The number of values of \(\theta \in(0, \pi)\) for which the system of linear equations $$ \begin{aligned} &x+3 y+7 z=0 \\ &-x+4 y+7 z=0 \\ &(\sin 3 \theta) x+(\cos 2 \theta) y+2 z=0 \end{aligned} $$ has a non-trivial solution, is: [Jan. 10, 2019 (II)] (a) three (b) two (c) four (d) one

If the system of equations \(\quad\) [Jan 10, 2019 (I)] \(x+y+z=5\) \(x+2 y+3 z=9\) \(x+3 y+\alpha z=\beta\) has infinitely many solutions, then \(\beta-\alpha\) equals: (a) 21 (b) 8 (c) 18 (d) 5

If the system of linear equations \(x+k y+3 z=0\) \(3 x+k y-2 z=0\) \(2 x+4 y-3 z=0\) has a non-zero solution \((\mathrm{x}, \mathrm{y}, \mathrm{z})\), then \(\frac{\mathrm{xz}}{\mathrm{y}^{2}}\) is equal to: [2018] (a) 10 (b) \(-30\) (c) 30 (d) \(-10\)

The number of values of \(k\) for which the system of linear equations, \((k+2) x+10 y=k, k x+(k+3) y=k-1\) has no solution, is \(\quad\) [Online April 16, 2018] (a) Infinitely many (b) 3 (c) 1 (d) 2

Let \(S\) be the set of all real values of \(k\) for which the system of linear equations \(x+y+z=2\) \(2 x+y-z=3\) \(3 x+2 y+k z=4\) has a unique solution.
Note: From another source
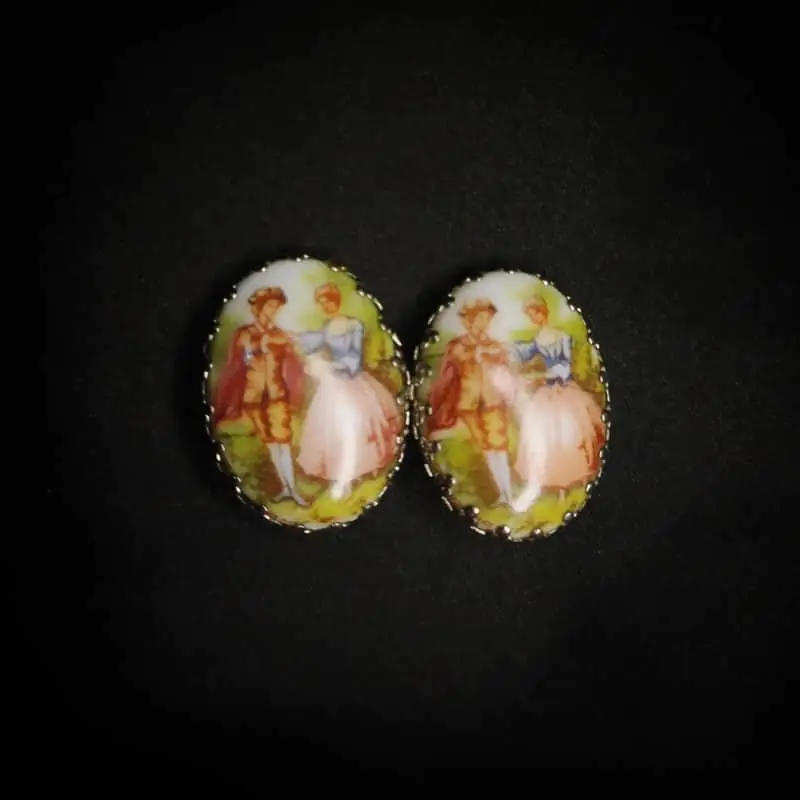 Vintage Courting Couple Clip-on earrings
Then \(S\) is [Online April 15, 2018] (a) an empty set (b) equal to \(\mathrm{R}-\\{0\\}\) (c) equal to \(\\{0\\}\) (d) equal to \(\mathrm{R}\)

If the system of linear equations \(x+a y+z=3\) \(x+2 y+2 z=6\) \(x+5 y+3 z=\mathbf{b}\) has no solution, then [Online April 15, 2018] (a) \(a=1, b \neq 9\) (b) \(a \neq-1, b=9\) (c) \(a=-1, b=9\) (d) \(a=-1, b \neq 9\)

If \(\mathrm{S}\) is the set of distinct values of ' \(\mathrm{b}\) ' for which the following system of linear equations [2017] \(x+y+z=1\) \(x+a y+z=1\) \(a x+b y+z=0\) has no solution, then \(S\) is : (a) a singleton (b) an empty set (c) an infinite set (d) a finite set containing two or more elements

The number of real values of \(\lambda\) for which the system of linear equations \(2 x+4 y-\lambda z=0\) \(4 x+\lambda y+2 z=0\) \(\lambda x+2 y+2 z=0\) has infinitely many solutions, is: [Online April 8, 2017] (a) 0 (b) 1 (c) 2 (d) 3

The system of linear equations \(\mathrm{x}+\lambda \mathrm{y}-\mathrm{z}=0\) \(\lambda x-y-z=0\) \(x+y-\lambda z=0\) has a non-trivial solution for: (a) exactly two values of \(\lambda\). (b) exactly three values of \(\lambda\). (c) infinitely many values of \(\lambda\). (d) exactly one value of \(\lambda\).